The two main groups that host CE for the Louisiana State Plumbing Board are the Unions and PHCC. Class dates, times and locations are posted on the Web for the organizations, and usually there are fliers at the supply houses. 

I've been to the Union CE in Lafayette (hosted by Local 106 out of Lake Charles) and they spent most of the class griping about unlicensed plumbers (rightfully so). 

I've been to the PHCC CE in Lafayette and New Orleans and both were very boring. 
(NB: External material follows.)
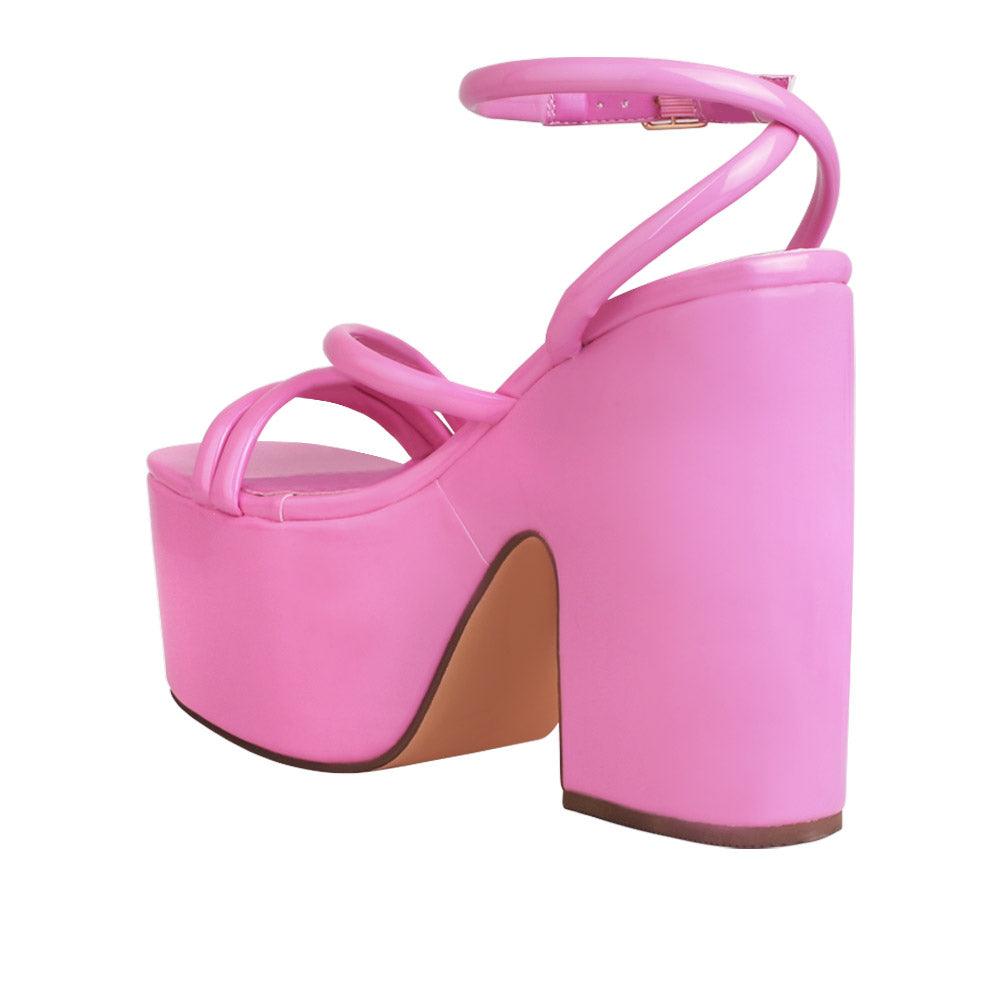 Pink colored women platform heels with ankle buckle closure-posterior view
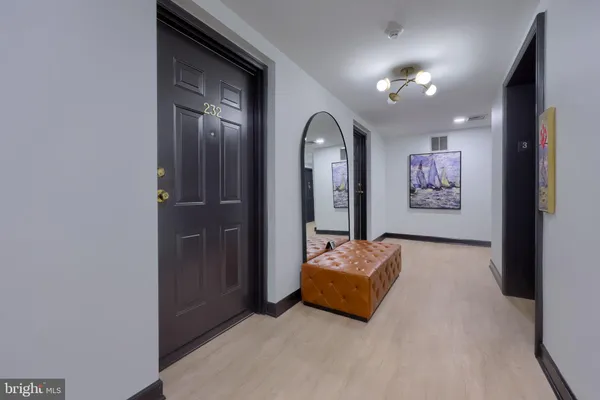a view of a livingroom with furniture and a flat screen tv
I've been to the PHCC CE in Baton Rouge that was led by Ms. Bennie Payne (retired owner of Central Plumbing in BR with her husband Mr. Jerry). It was the best CE I've attended so far, very informative. 

The cost vary. Usually $95 to $140, depending if you are a member of their organization and register early or late. You get a book out of the deal, plus your CE is filed with the state plumbing board for you.


----------



## plumbdrum (Nov 30, 2013)

You guys have it made, I have to do 12 hrs a year.


----------



## plumbdrum (Nov 30, 2013)

paultheplumber1 said:


> No CE in RI. The inspectors usually mail out the blue pages to all licensed company's when there is a change.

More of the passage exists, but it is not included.